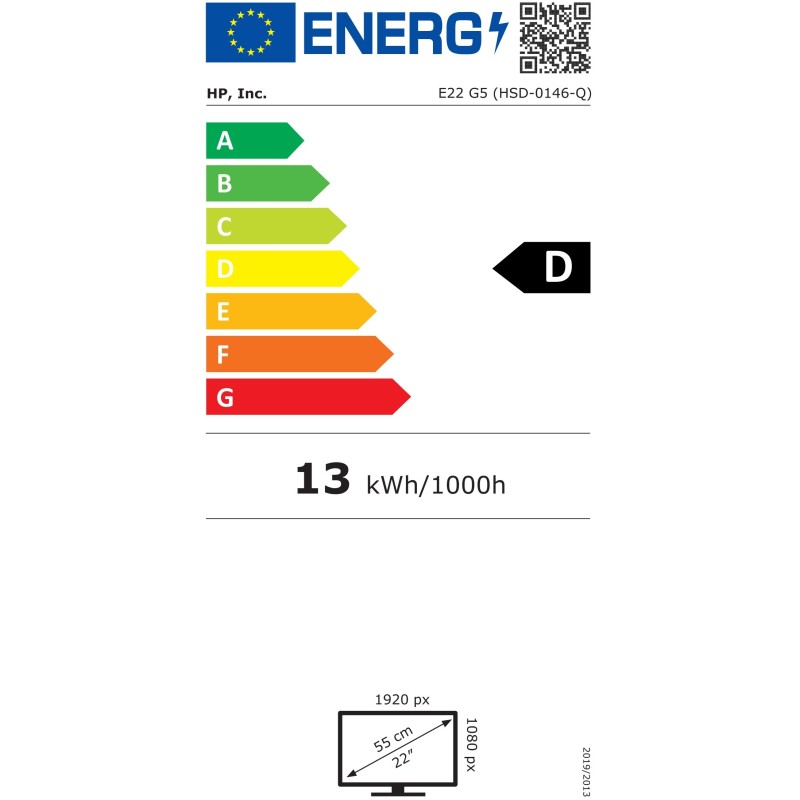 Buy E22 G5 21.5IN FHD 1920x1080 - E22 G5 - 21.5in Full HD Monitor in Cyprus, Nicosia, Limassol, Larnaka, Pafos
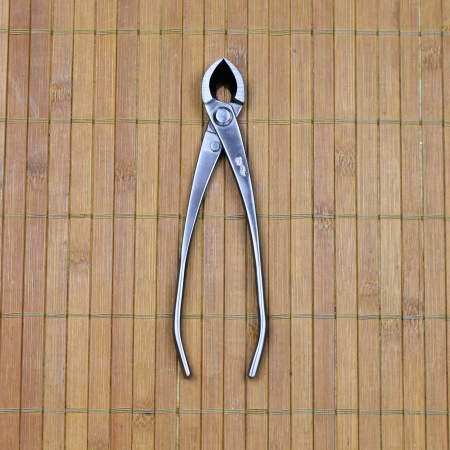 Ryuga Bonsai Konkavzange klein, 170 mm, Edelstahl Profi-Werkzeug China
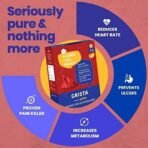 CRISTA Kashmiri Chilli Powder Combo Pack| Kashmiri Chilli Powder 500 gms x 2 | Pack of 2 | Laal Mirch Powder | Zero added Colours, Fillers, Additives & Preservatives - Image 7
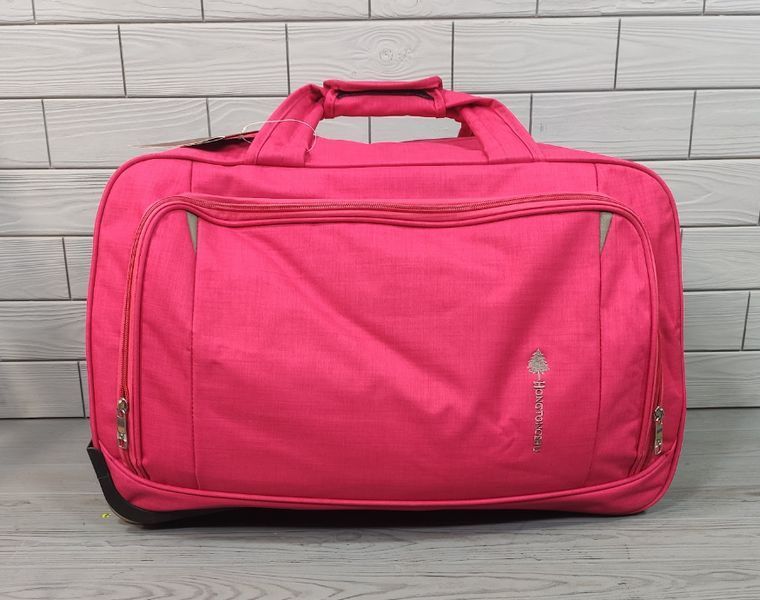 Середня дорожня сумка обсяг 70л на колесах c висувною ручкою HongTon HT-0060 HT-0060 фото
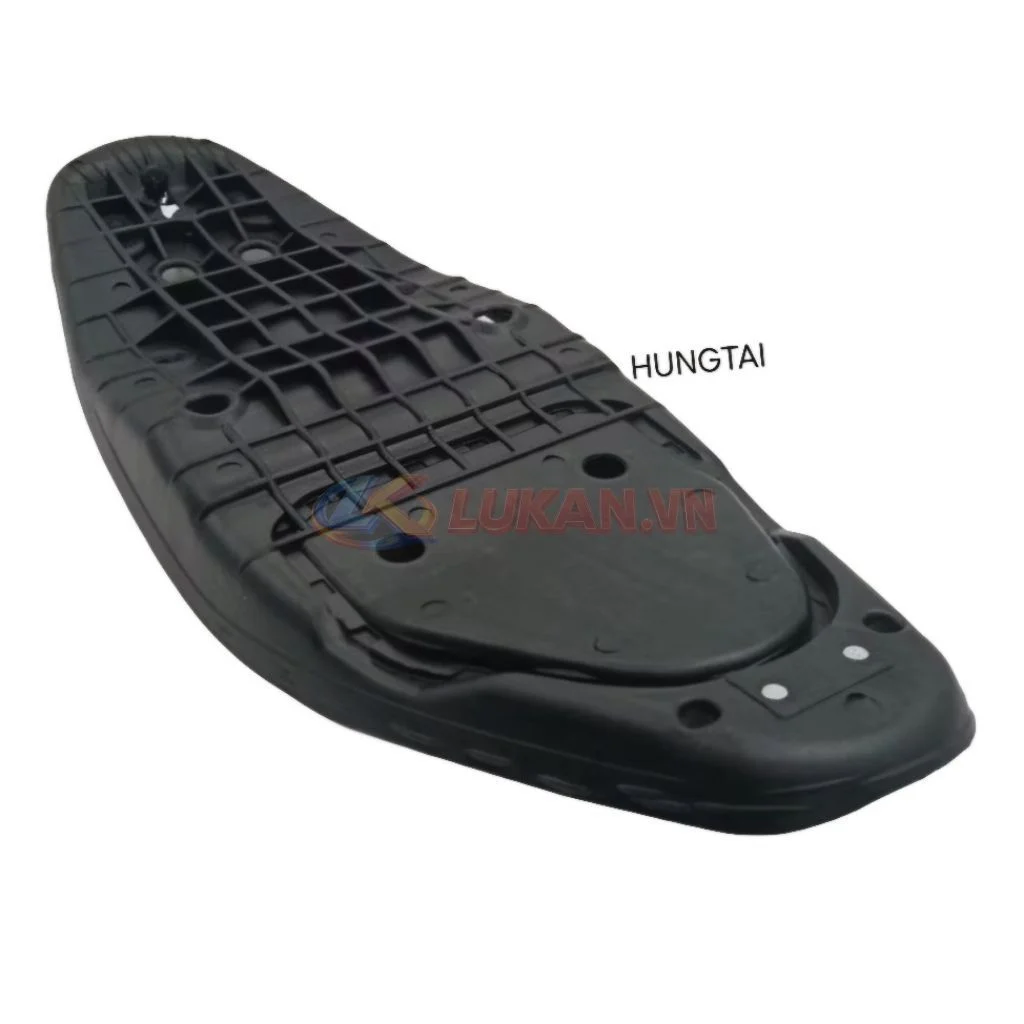 Nhựa xương đế yên ngồi xe WAVE A, ALPHA, RS, S100, RSX 100.... - Ảnh 2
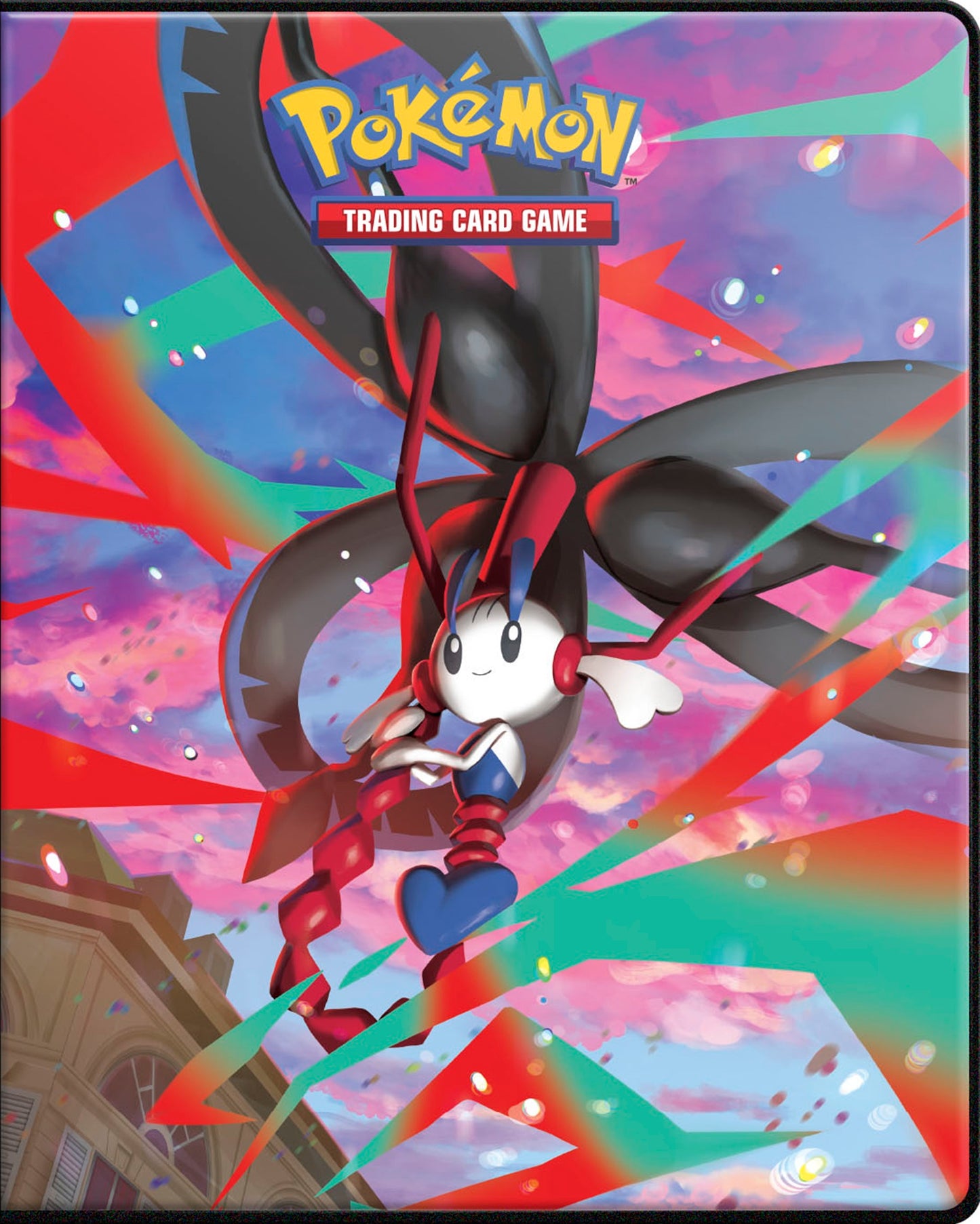 UP PORTFOLIO 4PKT POKEMON ME04 CHAOS RISING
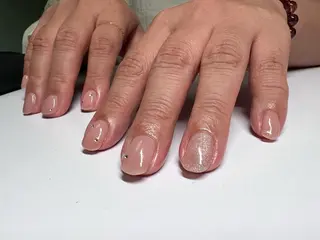 メンズ ネイル 爪ケア/深爪 自爪育成 🐰えむのネイルデザイン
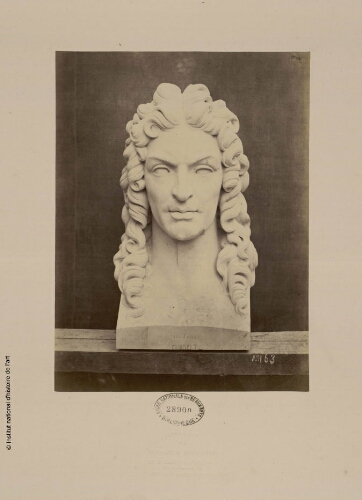 [Paris, Opéra Garnier, buste de Cambert]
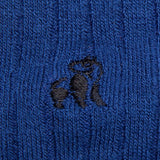 Swole Panda Royal Blue Bamboo Socks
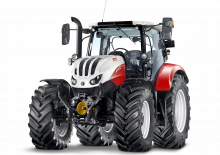 Tractoare municipale Steyr 4135 Profi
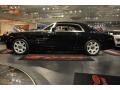 Black 2009 Rolls-Royce Phantom Coupe Exterior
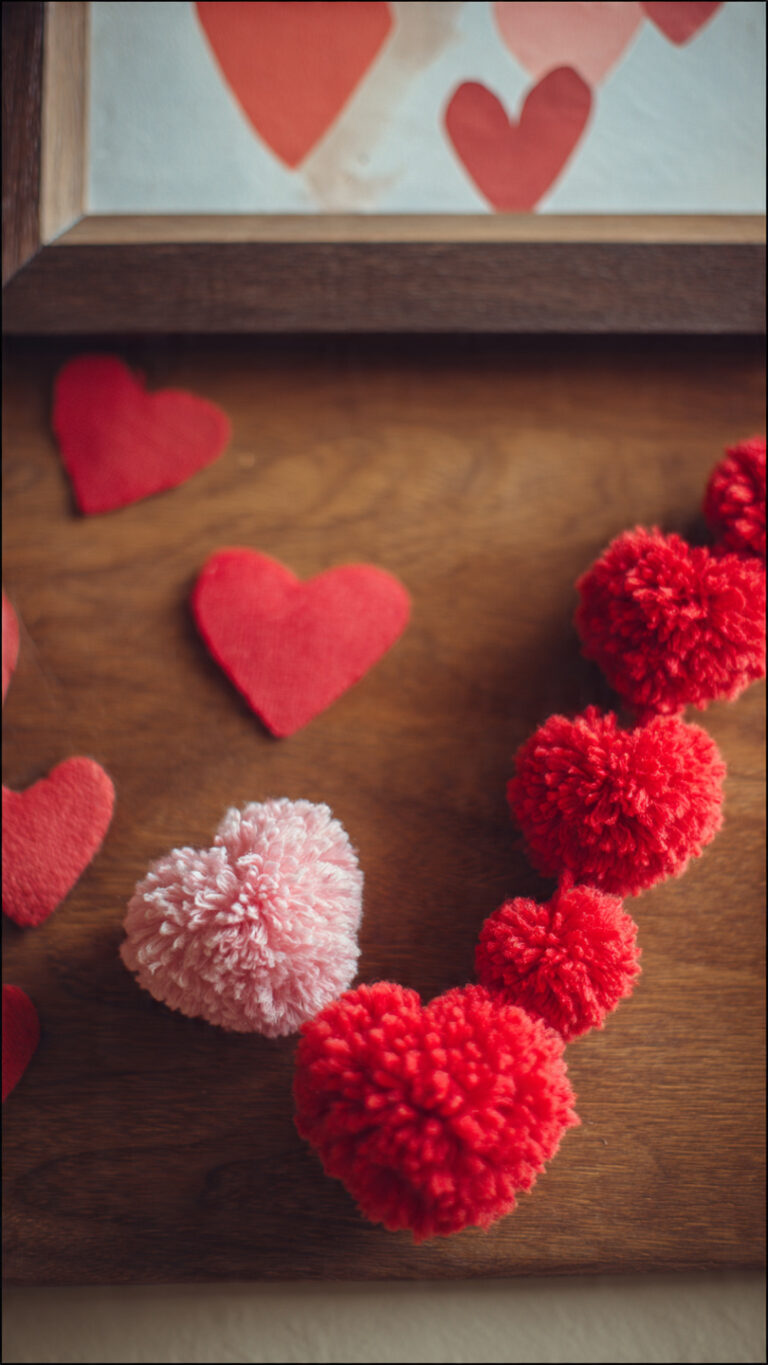 DIY Valentine Day Decoration Ideas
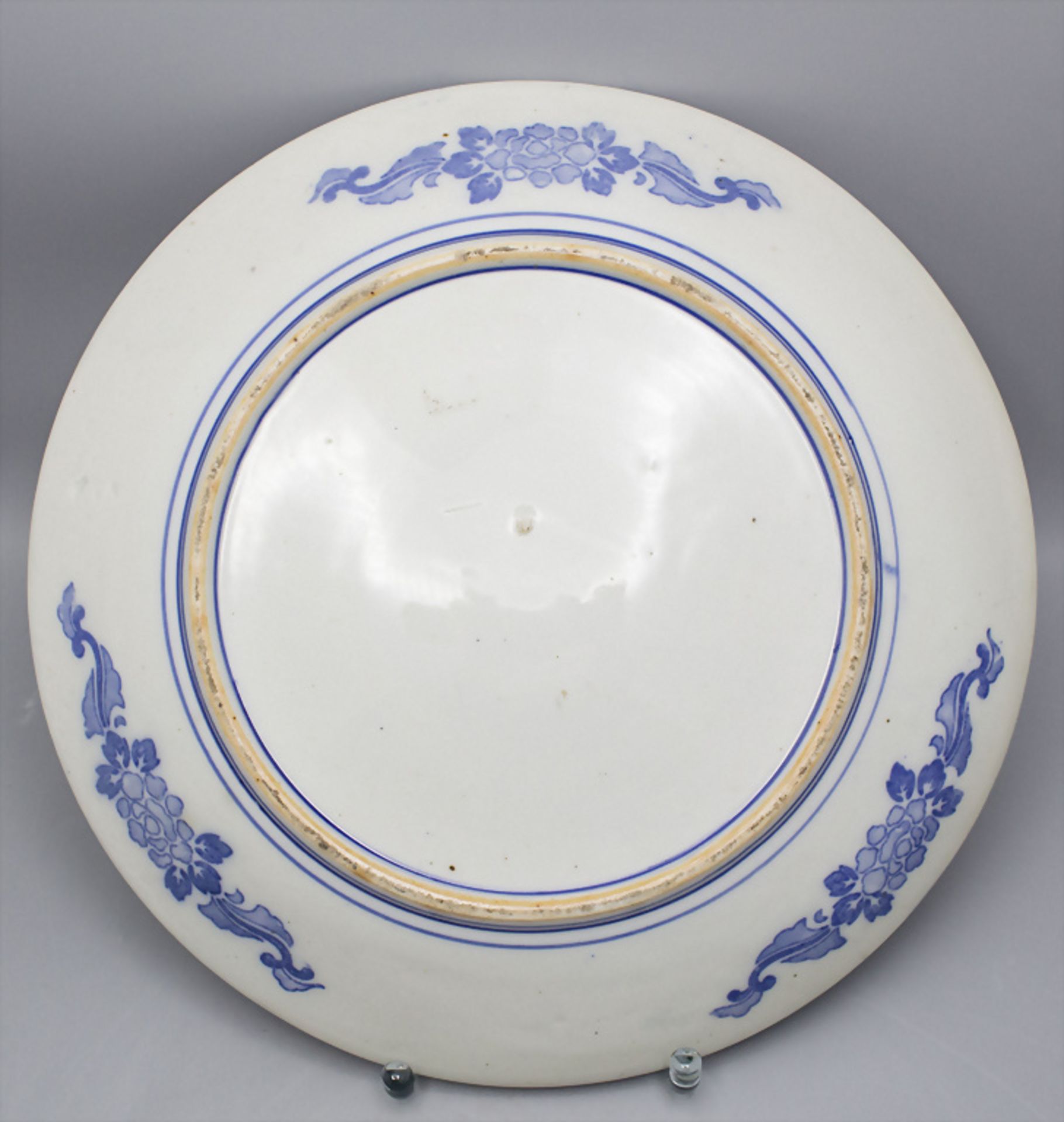 Teller / A plate, China, um 1900 - Bild 3 aus 4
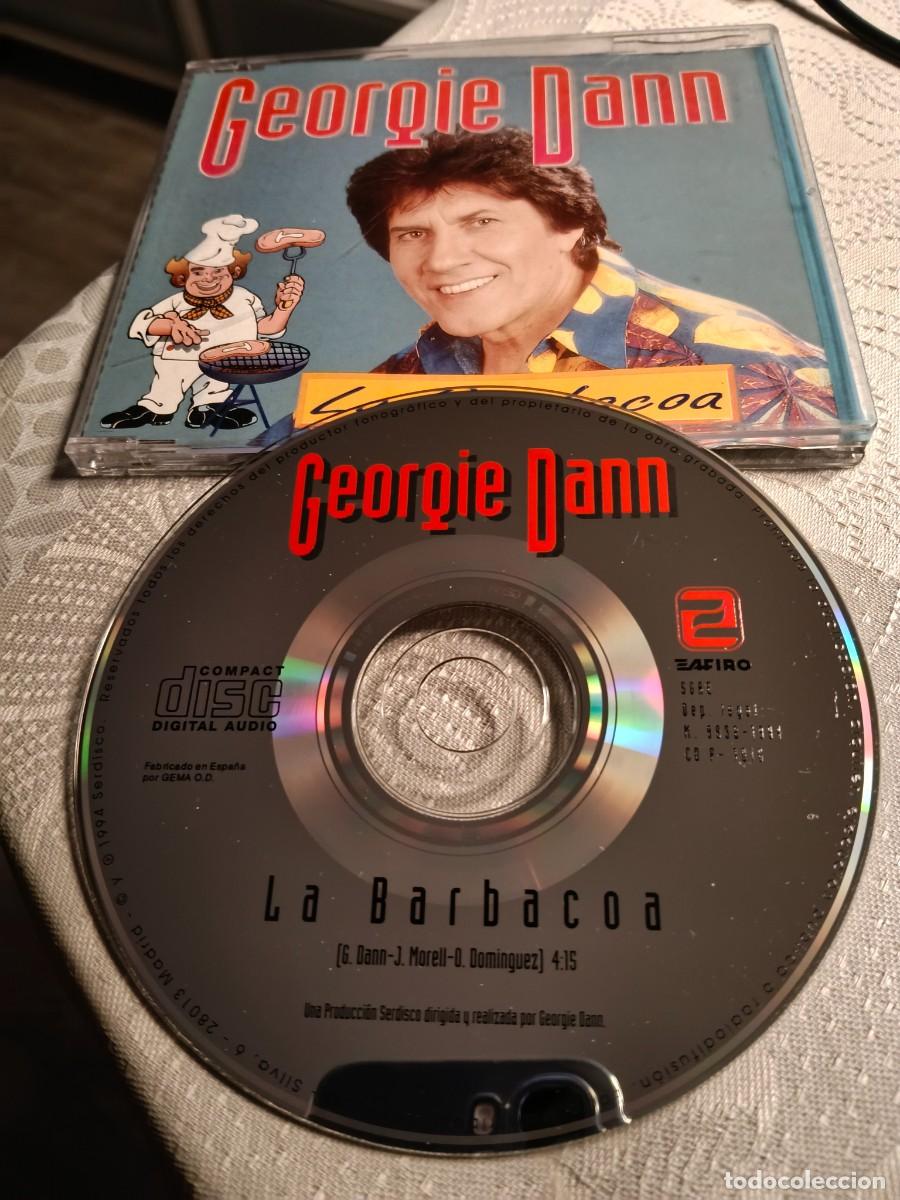 CDs de Musique: RAR SINGLE CD. GEORGIE DANN. LA BARBACOA. 1 TRACK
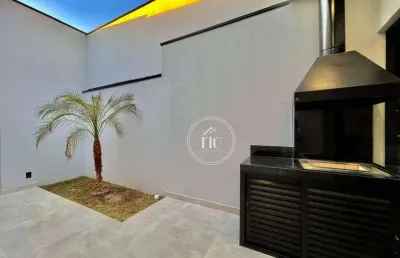 Casa com 3 dormitórios à venda, 105 m² por r$ 1.090.000,00 - condomínio village moutonnée - salto/sp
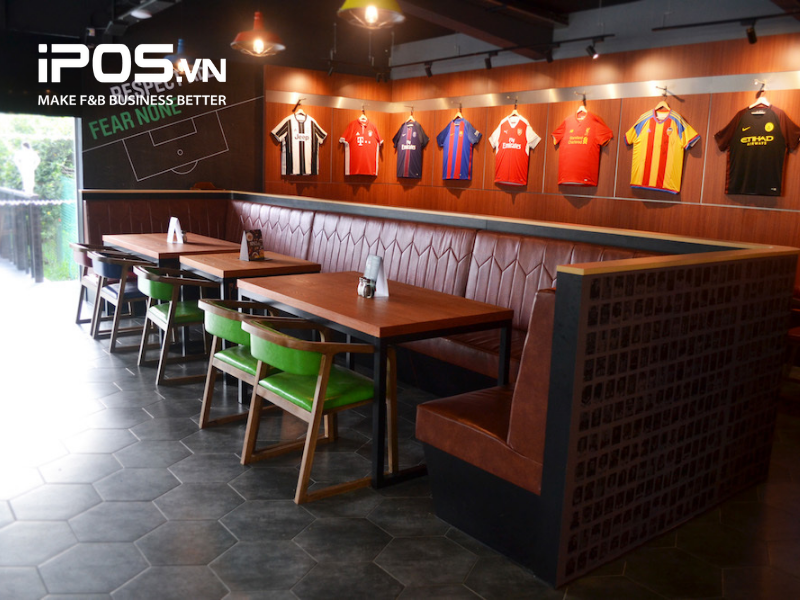 tối đa hóa lợi nhuận quán cà phê bóng đá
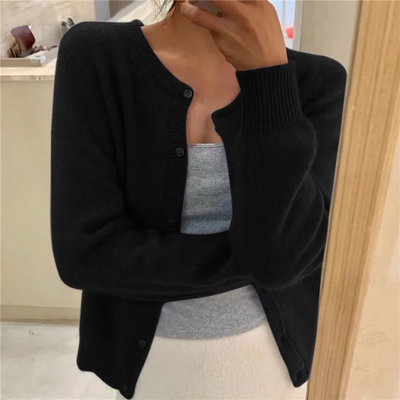 Cardigan tricoté pour femmes | Chaud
##############################
Set down all entries above again, exactly, without images.

 Buy E22 G5 21.5IN FHD 1920x1080 - E22 G5 - 21.5in Full HD Monitor in Cyprus, Nicosia, Limassol, Larnaka, Pafos
 Ryuga Bonsai Konkavzange klein, 170 mm, Edelstahl Profi-Werkzeug China
 CRISTA Kashmiri Chilli Powder Combo Pack| Kashmiri Chilli Powder 500 gms x 2 | Pack of 2 | Laal Mirch Powder | Zero added Colours, Fillers, Additives & Preservatives - Image 7
 Середня дорожня сумка обсяг 70л на колесах c висувною ручкою HongTon HT-0060 HT-0060 фото
 Nhựa xương đế yên ngồi xe WAVE A, ALPHA, RS, S100, RSX 100.... - Ảnh 2
 UP PORTFOLIO 4PKT POKEMON ME04 CHAOS RISING
 メンズ ネイル 爪ケア/深爪 自爪育成 🐰えむのネイルデザイン
 [Paris, Opéra Garnier, buste de Cambert]
 Swole Panda Royal Blue Bamboo Socks
 Tractoare municipale Steyr 4135 Profi
 Black 2009 Rolls-Royce Phantom Coupe Exterior
 DIY Valentine Day Decoration Ideas
 Teller / A plate, China, um 1900 - Bild 3 aus 4
 CDs de Musique: RAR SINGLE CD. GEORGIE DANN. LA BARBACOA. 1 TRACK
 Casa com 3 dormitórios à venda, 105 m² por r$ 1.090.000,00 - condomínio village moutonnée - salto/sp
 tối đa hóa lợi nhuận quán cà phê bóng đá
 Cardigan tricoté pour femmes | Chaud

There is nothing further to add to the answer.